In this post, we present various multivariate data visualization techniques using Python programming language and show how different choices of data visualization can progressively improve its representation and interpretation.
It is important to acquaint yourself with multinormal or multivariate Gaussian distribution if you haven't done so.
The general approach to generate/draw random samples from a multivariate normal distribution in Python is by using multivariate_normal function,
sample = multivariate_normal(mean, covariance, options), see random sampling at Scipy.org.
1. Scatter Plot
A scatter plot traditionally displays the value of 2 sets of data on 2 dimensions - xy plane, where each data point represents an observation. Scatter plot is useful to study the relationship between variables. We can use different colors or/and shapes for data points (dots) illustration. 2-dimensional scatter point can be extended to 3-dimensional scatter plot by adding one more dimension or plot what is called bubble plot, where the third dimension or the values of an additional variable are represented by the size of the dots. It is obvious that too many bubbles make the chart hard to read, so bubble plotting is usually not recommended for big amount of data.

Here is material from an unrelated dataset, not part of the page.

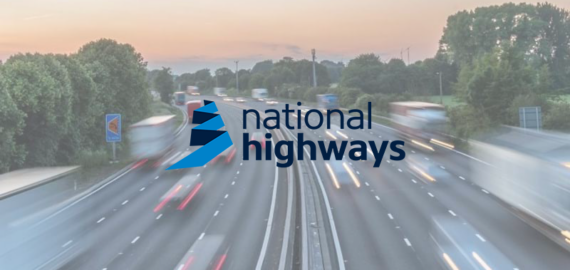 a roadway with the national highways logo over it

Below is a piece of code to produce a scatter plot from 200 multivariate normal distribution randomly generated data points.
- # Import required libraries
- import numpy as np
- import matplotlib.pyplot as plt
- from scipy.stats import kde
- #Create 200 data points
- data = np.random.multivariate_normal([0, 0], [[1, 0.5], [0.5, 3]], (200,))
- x, y = data.T #Shape = (200, 200)
- fig = plt.subplot(111, aspect='auto') #choose 'equal' if you want
- plt.title("Scatter Plot")
- fig.plot(x, y, 'o', markersize=7, color='black', alpha=1.0, label="Scatter")
- plt.legend(loc=1)
- plt.savefig('scatter_plot.png', bbox_inches='tight') #Save the plot
- plt.show()
The scatter plot output is

As suggested before, there is a lot of over plotting in the scatter plot that makes it hard to read, even worse if we are dealing with larger random samples.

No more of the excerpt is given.